You Must Repay Your Debts


Unlike Chapter 7 bankruptcy, Chapter 13 bankruptcy does not offer debtors the ability to escape their debts altogether. Together with your attorney, you will be expected to propose a repayment plan to the court. Your repayment plan must span a three to five year period and allocate the majority of your disposable income toward your debts.


In many cases, the court may reduce your debts significantly by disposing of interest charges and fees or reducing your balances. Doing so, however, is not required. If you are financially able to pay off the full amount you owe within a three to five year period, the bankruptcy court is likely to demand that you do so. If paying off the full amount you owe is impossible within a three to five year period, the court will discharge your remaining debts after you have completed the terms of your repayment plan.

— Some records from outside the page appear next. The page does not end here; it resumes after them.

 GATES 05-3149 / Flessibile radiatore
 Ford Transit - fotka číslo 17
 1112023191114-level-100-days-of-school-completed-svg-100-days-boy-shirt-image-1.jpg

You Must Live on a Limited Income


The bankruptcy court will expect you to put all of your spare income toward paying off your debts. If your income increases, you must immediately notify the bankruptcy trustee in order to have your repayment plan modified. You will also be expected to provide the bankruptcy trustee with copies of your tax paperwork each year that you are involved in a Chapter 13 bankruptcy. If you are anticipating a tax refund, expect the court to direct that refund toward your unpaid debt.

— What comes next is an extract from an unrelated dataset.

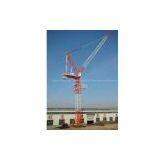 Tower Crane thumbnail-1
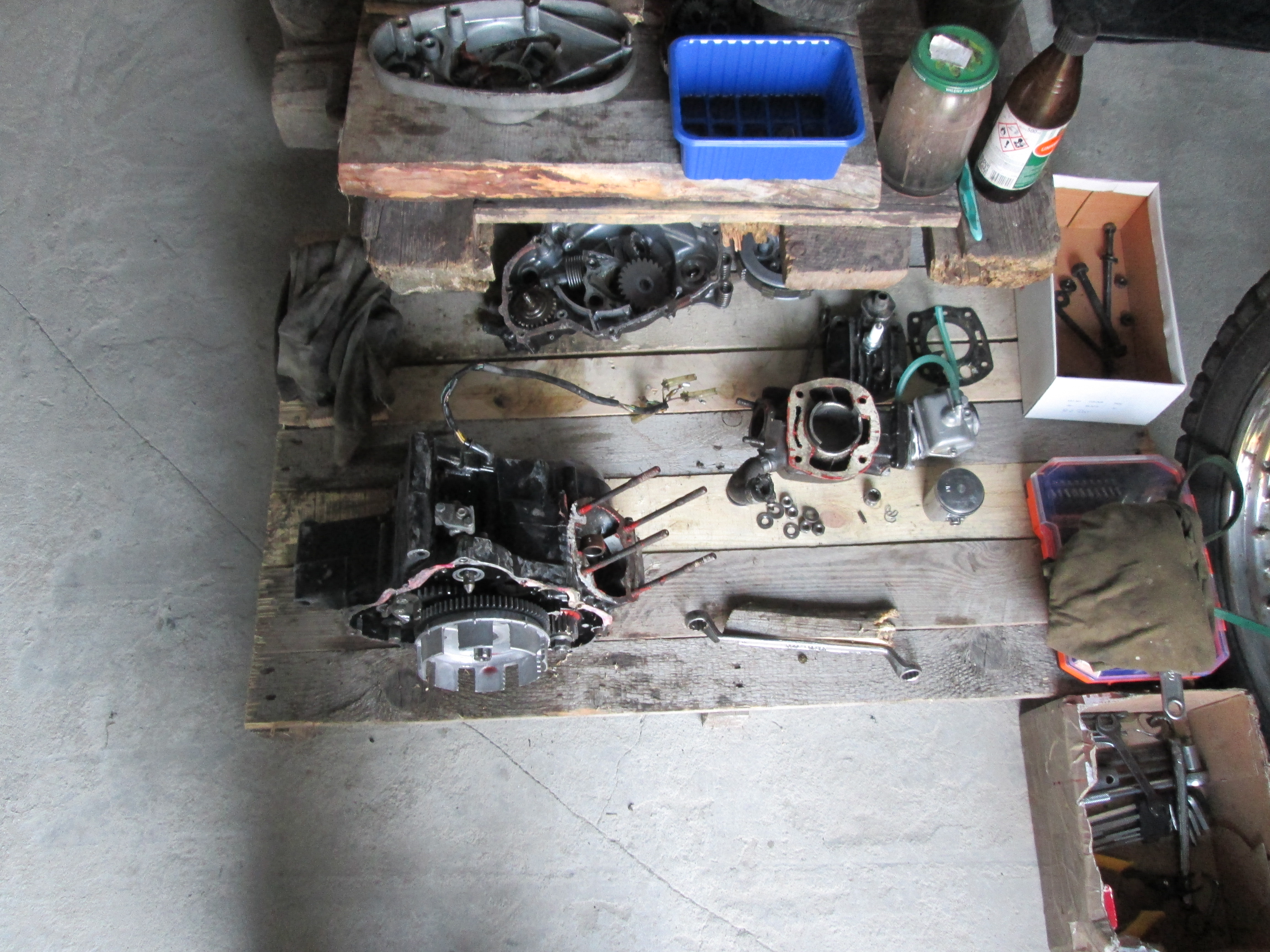 Photo 2763783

Many individuals find it difficult, if not impossible, to live by the strict guidelines that the bankruptcy court imposes. For a three to five year period you will be forced to live as frugally as possible. Small luxuries you once enjoyed, like a dinner out, will become things of the past. Consider carefully if you will be able to adhere to the repayment plan before you file for Chapter 13 bankruptcy. Failure to adhere to the repayment plan will result in your bankruptcy being dismissed. Should this occur, your creditors are then free to sue you for the remaining amount that you owe. Unfortunately, the majority of debtors who file for Chapter 13 bankruptcy are unable to stick to their repayment plans.


Your Credit Will Suffer


Some individuals are under the mistaken impression that by filing for bankruptcy, the bankruptcy itself will appear on their credit reports, but their old debts will vanish. Unfortunately, this is not the case. Any debts you have that are included in a Chapter 13 bankruptcy will appear on your credit report for their full reporting period. The only change that will occur is that your previously outstanding debts will reflect the notation, “included in bankruptcy”.

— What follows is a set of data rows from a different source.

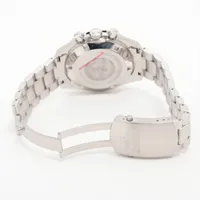 オメガ スピードマスター ファースト レプリカ 3594.50 SS SS 手巻き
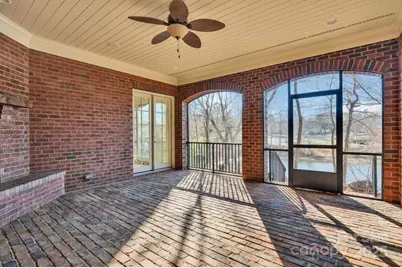 21307 Baltic Drive, Cornelius, NC 28031 - Photo 41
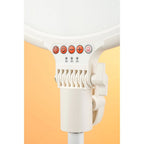 Lampada LED bicolore Falcon Eyes Sophiez SO-28TD III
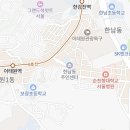 이혜원 | 어깨 통증으로 방문한 이혜원 선생님 후기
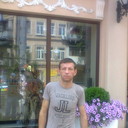 ���������� ����, ���� ������� �������, 42 ����, ������������ ��� ������, ����� � ���������, c�������� ���������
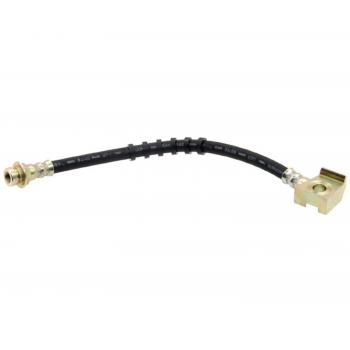 Raybestos BH36936 Brake Hydraulic Hose product image 2 of 2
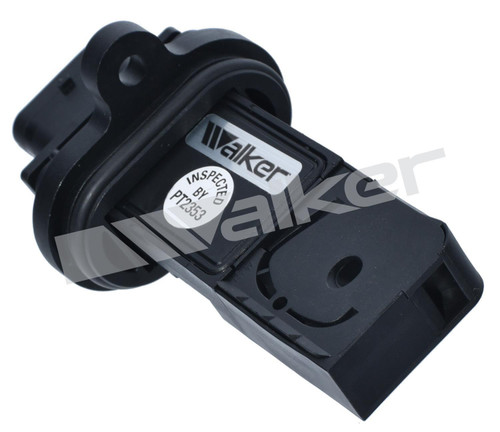 Walker Products Mass Air Flow Sensor 245-1300 for 2012-2016 Audi 6.3L (A8 Quattro)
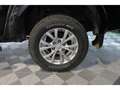 Mitsubishi L200 PICK UP INTES 2.5 TD - DOUBLE CABINE / Sièges Chauffant / Ouverture vitre arriere / Caméra de Negro - thumbnail 5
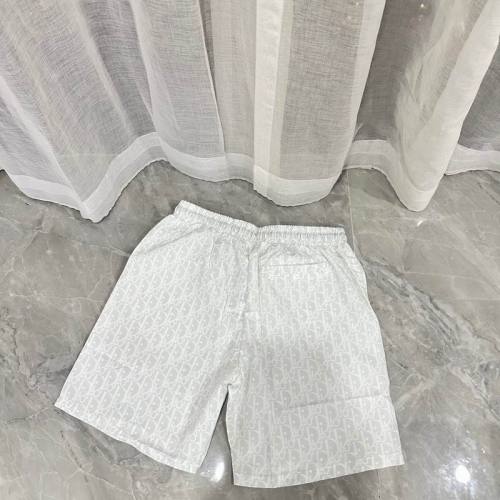 Dior Shorts-289(M-XXXL)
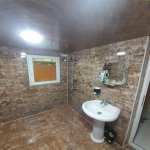 Kirayə (günlük) 2 otaqlı Həyət evi/villa Qax 8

The Chapter 13 bankruptcy itself will appear on your credit report for seven years as well. The reporting period begins as soon as you file. Should your bankruptcy be dismissed for any reason, it will continue to reflect on your credit report for the duration of the reporting period. A bankruptcy is an extremely derogatory notation to have on your credit report, and you can expect your credit score to drop considerably as soon as it appears within your file.


The benefits of a Chapter 13 bankruptcy only outweigh the disadvantages if you are diligent and can stick to your repayment plan. Most individuals who file for bankruptcy do so with the hope of getting relief from their debts. Although a Chapter 13 bankruptcy can grant you legal protection, you won’t get the relief you seek until your repayment plan is complete.